If you occasionally ask the customer in-app "how was your service today?" with a simple thumbs up/down option, and you associate the order's rating with the barista behind the counter, you can get a good metric on their interaction with customers. You'd probably want to use the median and not the mean in order to remove any outliers.
One of my general problems with tipping is that I have to tip before someone makes the drink. Then end up with burned coffee I tipped for. This feels the same.
If the customer ordered via the POS, it will be shown on the next visit, if they sign in with their phone number (which is used to save your order history for easy reordering).

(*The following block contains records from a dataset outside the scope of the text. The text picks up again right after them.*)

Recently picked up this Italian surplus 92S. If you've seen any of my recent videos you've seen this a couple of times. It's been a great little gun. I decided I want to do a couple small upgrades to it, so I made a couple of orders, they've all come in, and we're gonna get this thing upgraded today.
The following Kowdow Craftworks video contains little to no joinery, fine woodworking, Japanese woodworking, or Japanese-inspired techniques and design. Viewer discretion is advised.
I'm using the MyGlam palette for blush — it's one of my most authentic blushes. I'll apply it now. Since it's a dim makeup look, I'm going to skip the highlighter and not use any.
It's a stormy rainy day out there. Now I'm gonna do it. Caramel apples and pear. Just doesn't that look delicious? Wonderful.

I had a shop too once (print, Germany, sold it after a few years) and know people owning restaurants. As far as I'm concerned, you are supposed to get your feedback from the "meta data" of your business, not involve the individual customers my making them work. Which is very unlikely to give you true and/or good data anyway. It's like asking people for what they want as "market research", which just shows a lack of understanding of how brains work and way too much believe in the rational mind theory.
You seem to have created the anti-human coffee shop.

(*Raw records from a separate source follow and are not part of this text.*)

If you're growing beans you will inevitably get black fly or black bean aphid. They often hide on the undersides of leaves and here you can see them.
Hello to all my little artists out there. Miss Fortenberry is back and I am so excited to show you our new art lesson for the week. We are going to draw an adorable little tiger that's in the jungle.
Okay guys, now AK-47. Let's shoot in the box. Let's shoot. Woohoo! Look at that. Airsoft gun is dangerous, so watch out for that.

You don't need my number to sell me coffee. Asking for it is an invasion of my privacy. If you insist on an awards program of some kind, it already exists in it's ultimate form, the stamp card.
Customers should not be tasked with evaluating employees. They have no expertise in the matter.
Employees should not have wages effectively stolen from them under the auspices that "good work is rewarded". You know how you reward good work? Raises, profit sharing, more responsibility, benefits programs, you know typical things employers do for employees in a worker centered environment.
All this also assumes anyone uses these systems as intended. I doubt customers will select ratings in any meaningful way and you will have no way to ground truth if they do or not. Nobody will ever care enough to sit through customer interviews to evaluate whether your one question survey is valid or not. Certainly not for a cup of coffee.
Instead of customers having the option to pay extra in the form of tips, you're charging more. By having a review/bonus system, you're still absolving yourself of the responsibility for fairly compensating your staff. You're shifting the burden of evaluating employee performance onto your customer. And you're incentivizing yourself to limit bonuses because that money goes into your pocket.
In the service industry, and especially amongst young people, it's common to pick up a job like this for a few months and make some money, then move on to something else. And that's okay, not everyone wants to make a career out of making coffee. It's still a good formative experience to have, while earning some money, and there's no reason why you shouldn't do it right and get rewarded for it.
But profit sharing won't work for someone that is around for a summer. For instance that person could benefit from any upswing caused by previous employees, but if they don't add a positive contribution to the customer experience themselves, they won't be around for the long-term impact. And if you don't give them an incentive at all for the first few months, then you're back to square one. Or even worse: they could negatively impact the profit sharing of employees that have been around for the long run.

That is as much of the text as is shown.